Aunque, en cuanto él salió del despacho, la sonrisa se le desdibujó un poco.
Porque, aunque confiaba en Martín, no podía ignorar cómo lo miraba Carlota: con ese brillo competitivo, casi desafiante, de quien disfruta tanteando los límites.
Durante los días siguientes, las visitas se multiplicaron.
Reuniones, consultas, revisiones…
Carlota encontraba cualquier pretexto para aparecer por el despacho de Martín:
—Quería confirmar la fecha de entrega.
—Solo necesitaba aclarar un punto del presupuesto.
—Martín, ¿tienes un minuto?
Lala empezó a reconocer ese tono al instante.
Y cada vez que escuchaba su voz al final del pasillo, sentía un hormigueo de irritación que intentaba disimular con trabajo… o con sarcasmo interior.

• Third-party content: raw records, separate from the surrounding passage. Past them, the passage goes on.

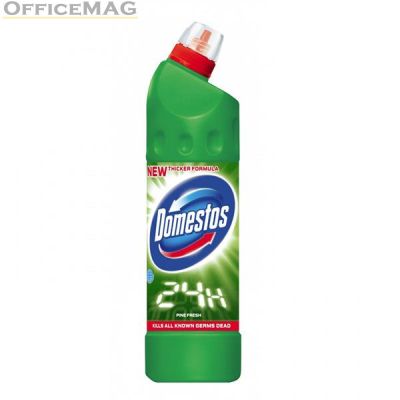 Почистващ универсален препарат Domestos Гел 750 ml Pine Fresh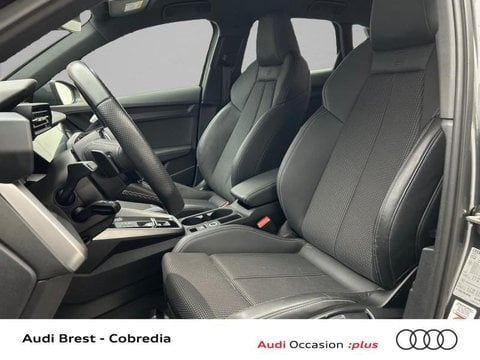 Voitures D'occasion À Brest | Audi A3 Sportback 35 Tfsi 150Ch Mild Hybrid S Line S Tronic 7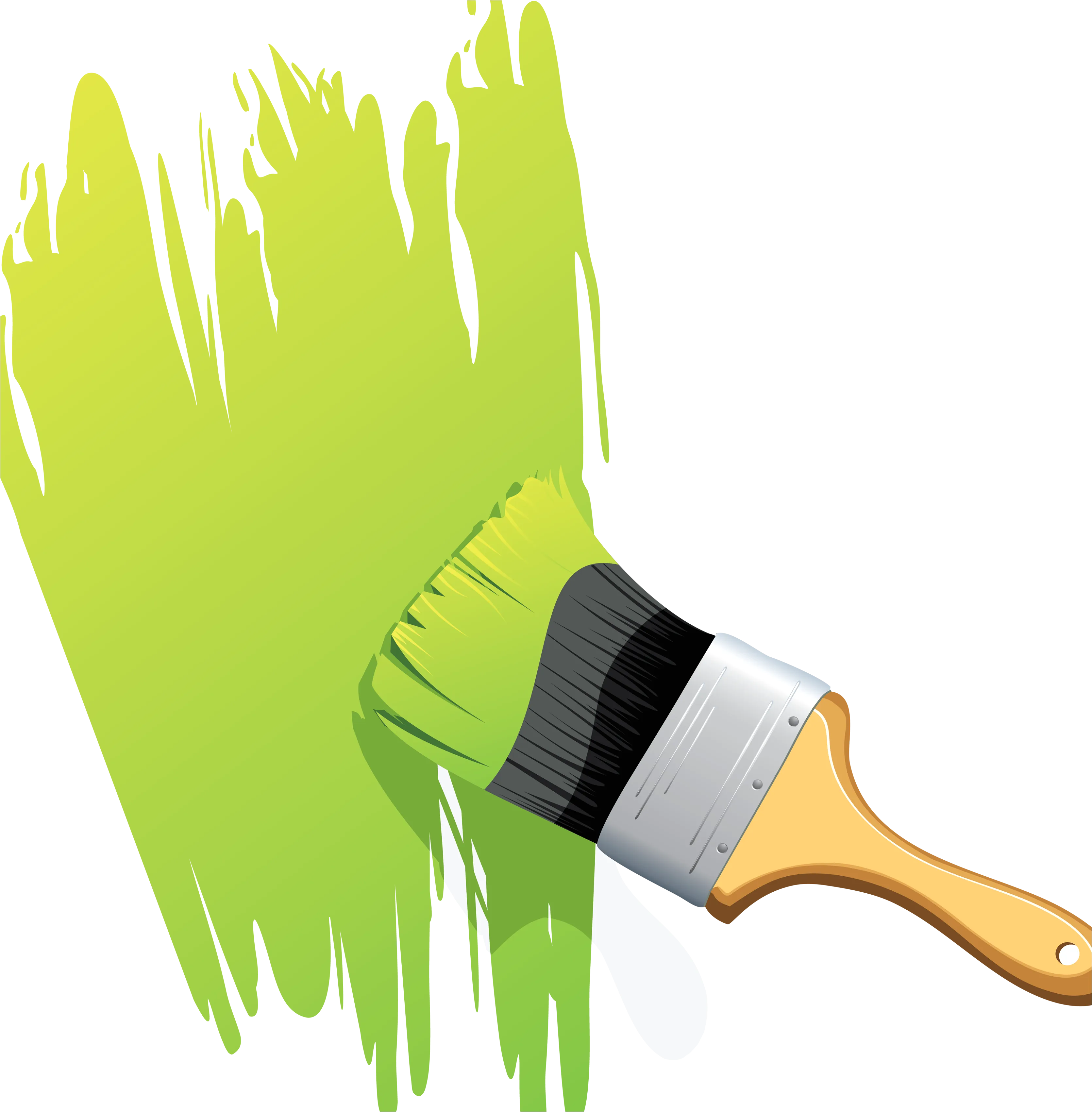 Detail Paintbrush Transparent Png Number 11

Un viernes por la tarde, mientras todos recogían sus cosas para el fin de semana, Carlota volvió a aparecer, con un vestido elegante y una sonrisa de esas que sabían perfectamente lo que provocaban.
—Martín —dijo asomándose por la puerta—, ¿tienes un momento? Me gustaría repasar contigo unos detalles del contrato… y, si no te importa, podríamos hacerlo en el café de la esquina. Allí se trabaja más tranquilo.